## INSTRUCTIONS FOR THE TASK
For the material below, reproduce exactly each line from the one that has "Used 1997 Chevrolet" through the one that has "524 Madison Way", and no others; pictures stay out.

[[ EXCERPTED DATA open ]]

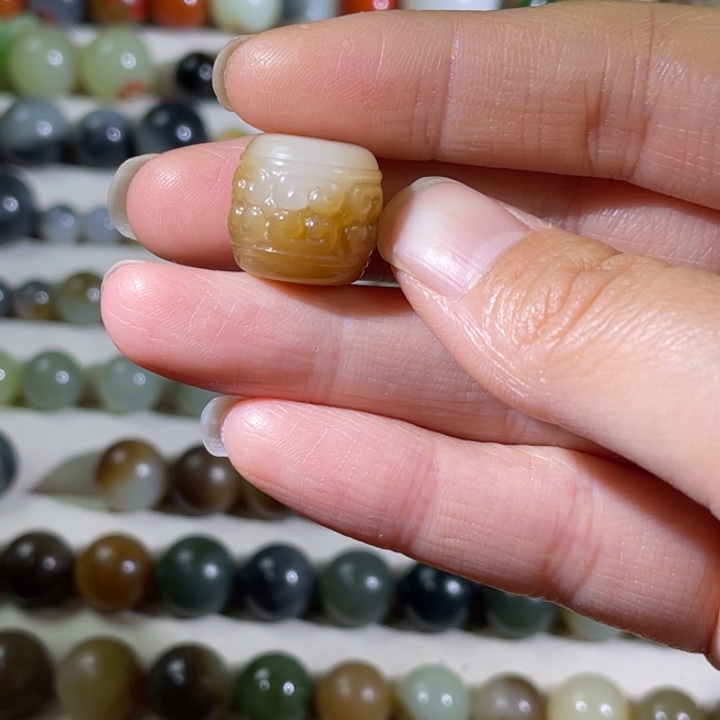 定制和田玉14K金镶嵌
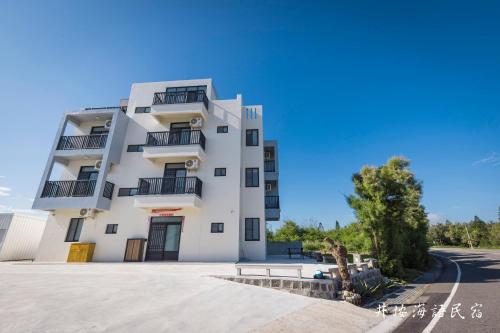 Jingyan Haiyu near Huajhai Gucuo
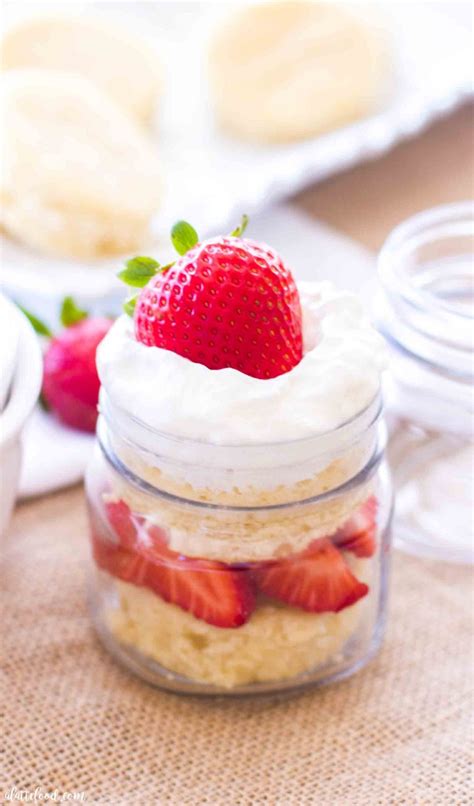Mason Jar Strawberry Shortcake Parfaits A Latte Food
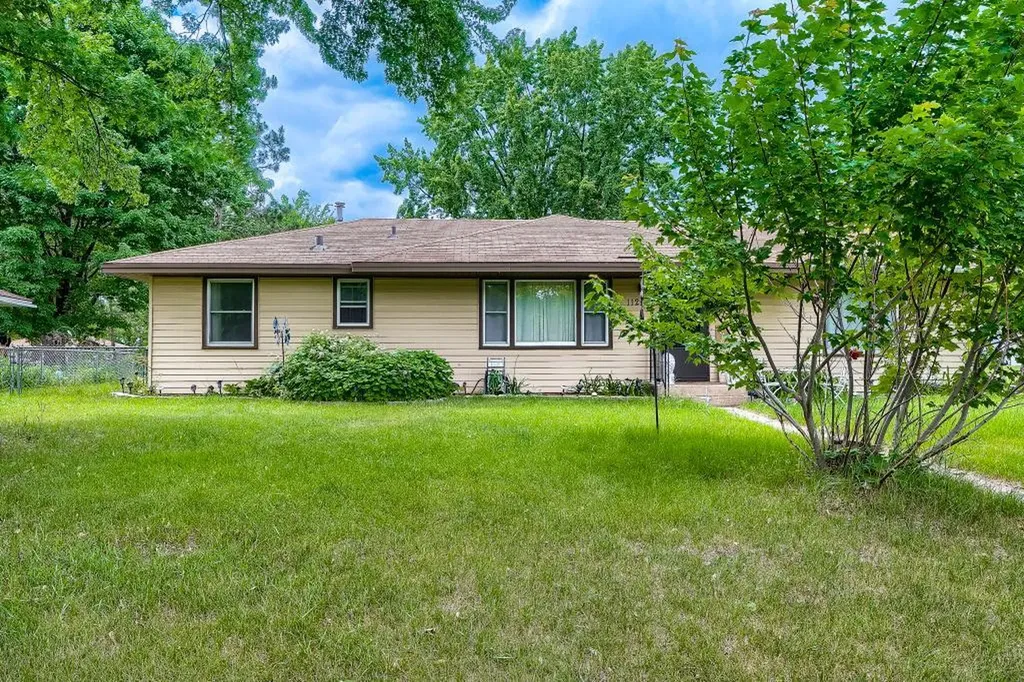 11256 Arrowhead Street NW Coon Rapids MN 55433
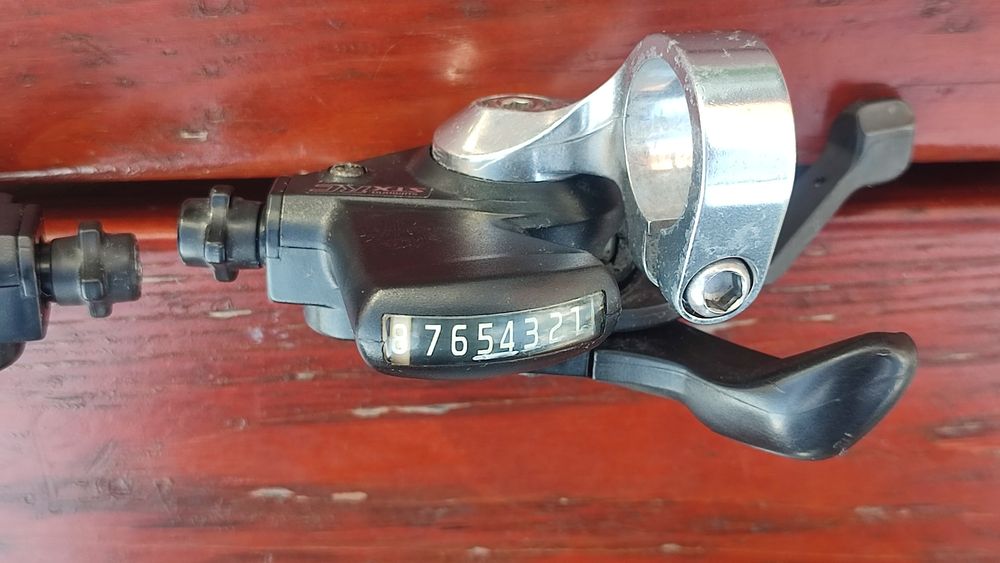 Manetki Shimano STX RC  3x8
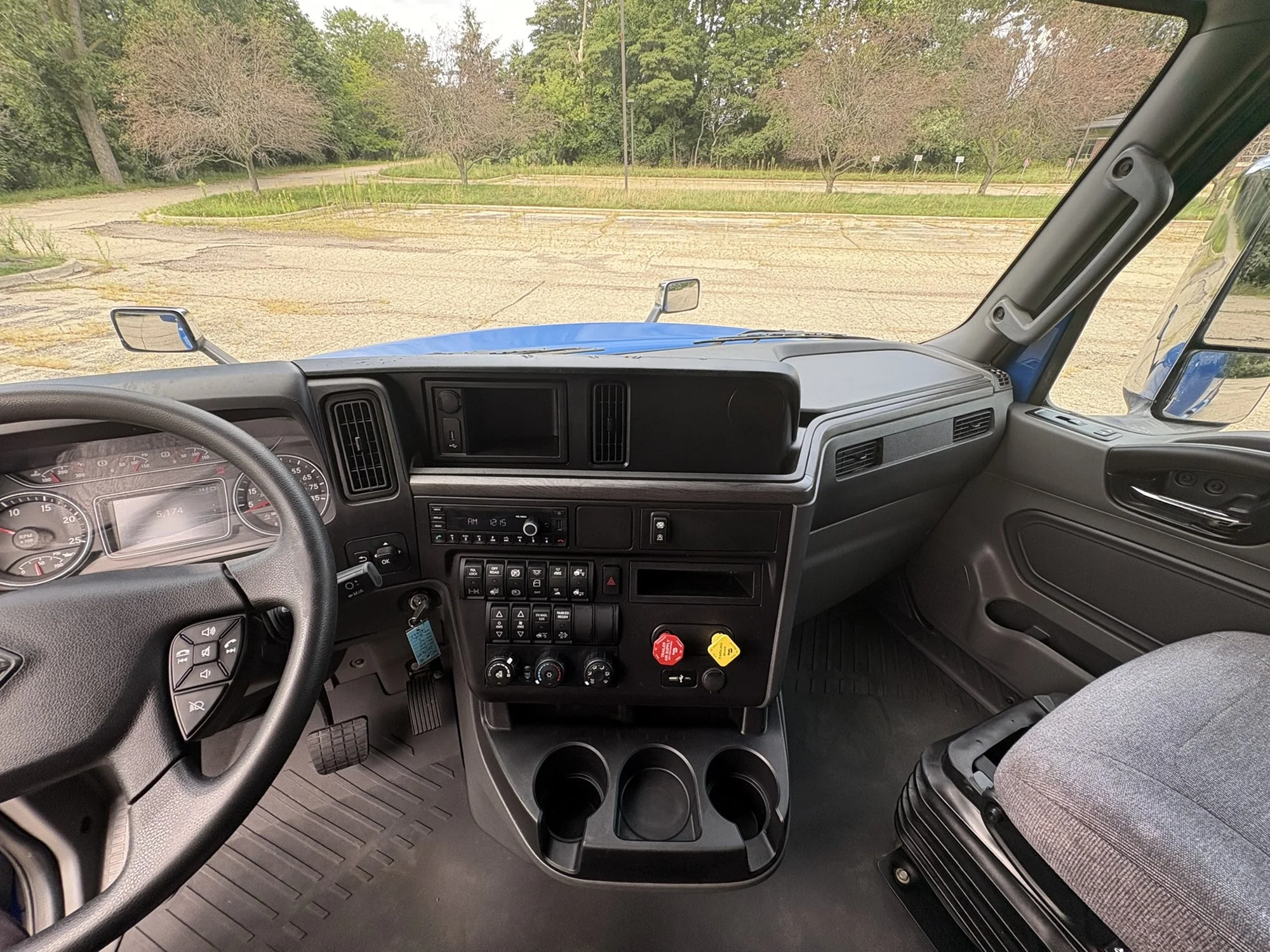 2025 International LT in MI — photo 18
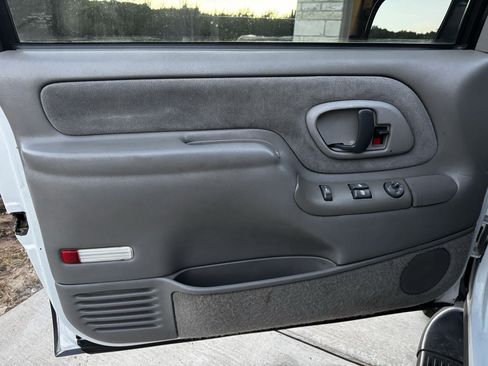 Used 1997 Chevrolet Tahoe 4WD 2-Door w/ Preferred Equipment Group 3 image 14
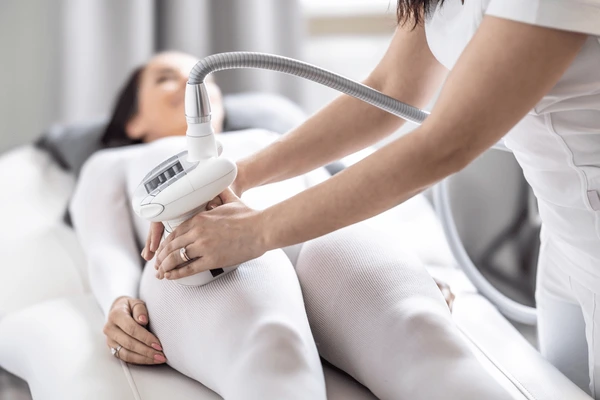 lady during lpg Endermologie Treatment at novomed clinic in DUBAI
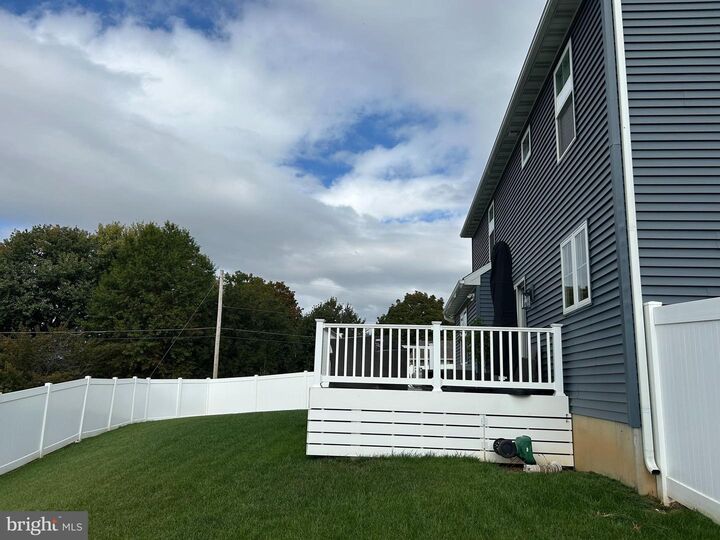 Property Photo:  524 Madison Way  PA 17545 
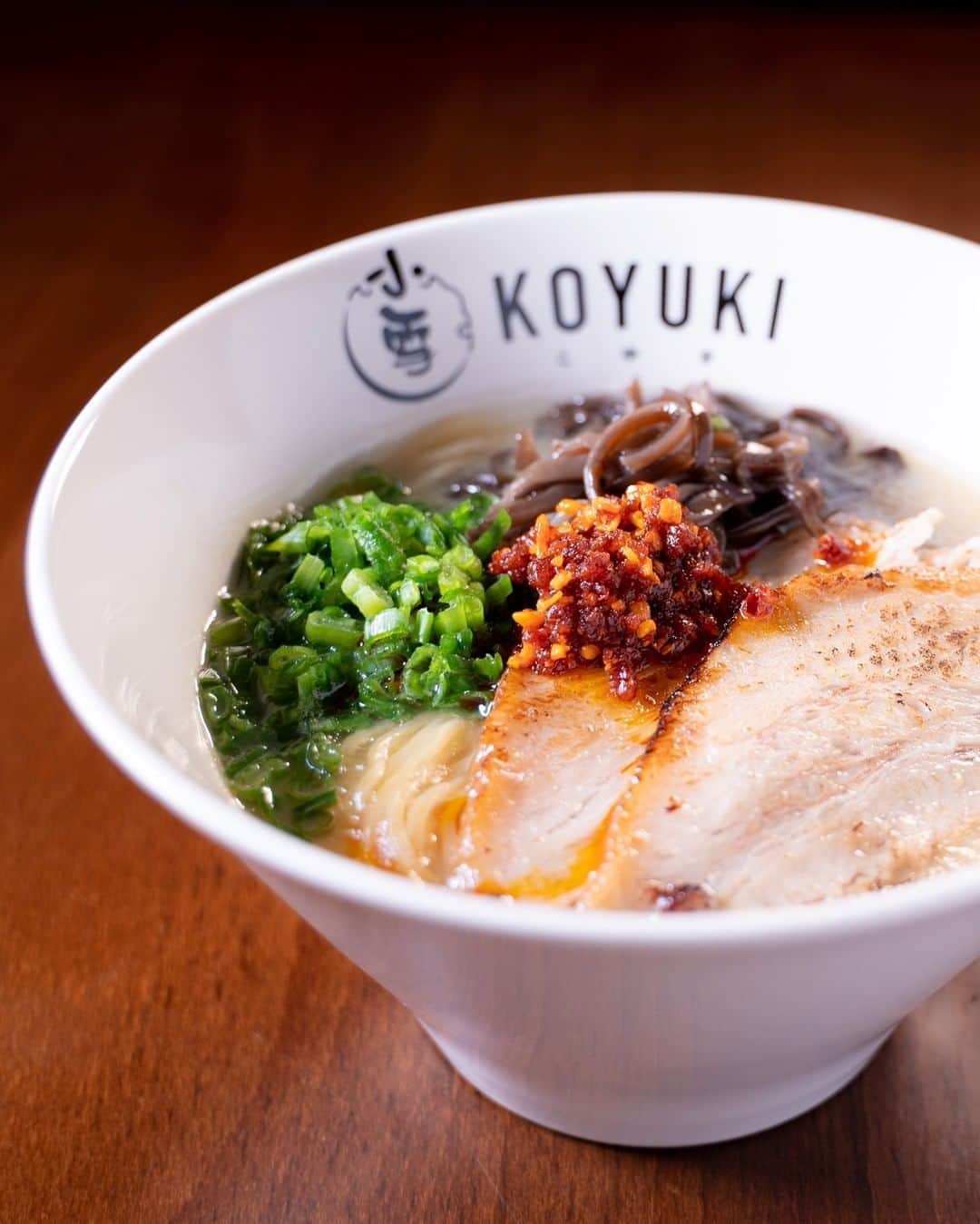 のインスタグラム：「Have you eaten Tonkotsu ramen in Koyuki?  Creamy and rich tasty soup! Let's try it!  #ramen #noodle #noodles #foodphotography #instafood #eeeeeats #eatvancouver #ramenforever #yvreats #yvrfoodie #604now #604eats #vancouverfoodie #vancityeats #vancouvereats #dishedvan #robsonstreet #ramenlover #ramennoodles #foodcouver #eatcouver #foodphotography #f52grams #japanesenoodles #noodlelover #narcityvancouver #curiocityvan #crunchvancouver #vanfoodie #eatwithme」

[[ EXCERPTED DATA closed ]]

## EXPECTED OUTPUT
 Used 1997 Chevrolet Tahoe 4WD 2-Door w/ Preferred Equipment Group 3 image 14
 lady during lpg Endermologie Treatment at novomed clinic in DUBAI
 Property Photo:  524 Madison Way  PA 17545 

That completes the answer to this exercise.